• _Stored items from a collection_

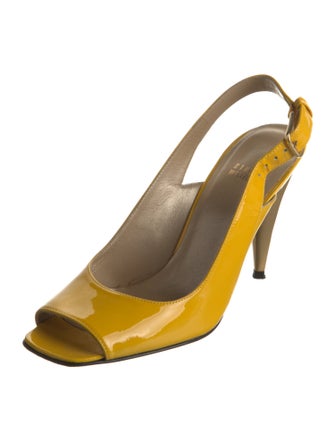 Stuart Weitzman Patent Leather Slingback Pumps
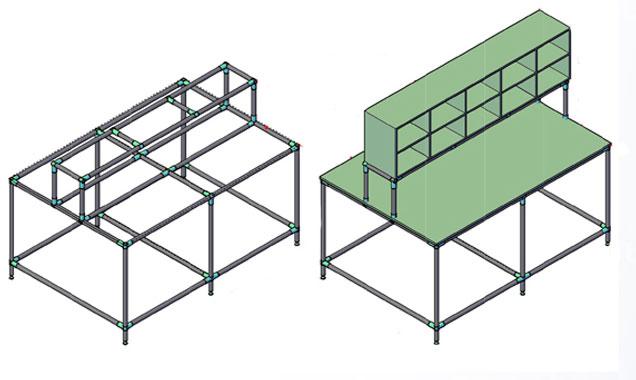 B 03: BÀN ỐNG THÉP BỌC NHỰA CỠ LỚN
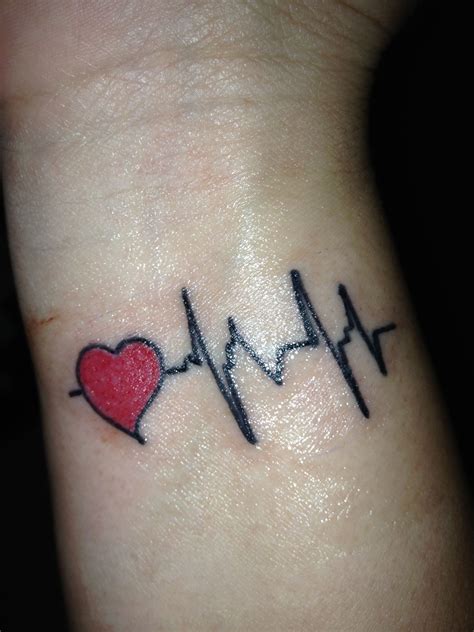 Heartbeat Tattoo S Letter Tattoo On Wrist Best Tattoo Ideas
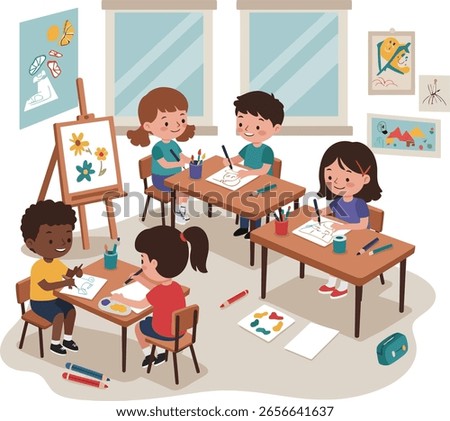 positive child activities-Creating art with friends
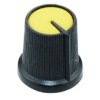 Yellow 6mm Pointer Knob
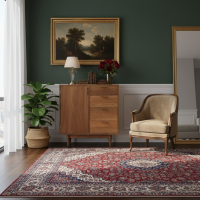 Nakas Cabinet Minimalis Retro Serbaguna Kayu Jati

• _Your objective_
Leave the pictures aside and give the records above back word for word.

• _Written response_
 Stuart Weitzman Patent Leather Slingback Pumps
 B 03: BÀN ỐNG THÉP BỌC NHỰA CỠ LỚN
 Heartbeat Tattoo S Letter Tattoo On Wrist Best Tattoo Ideas
 positive child activities-Creating art with friends
 Yellow 6mm Pointer Knob
 Nakas Cabinet Minimalis Retro Serbaguna Kayu Jati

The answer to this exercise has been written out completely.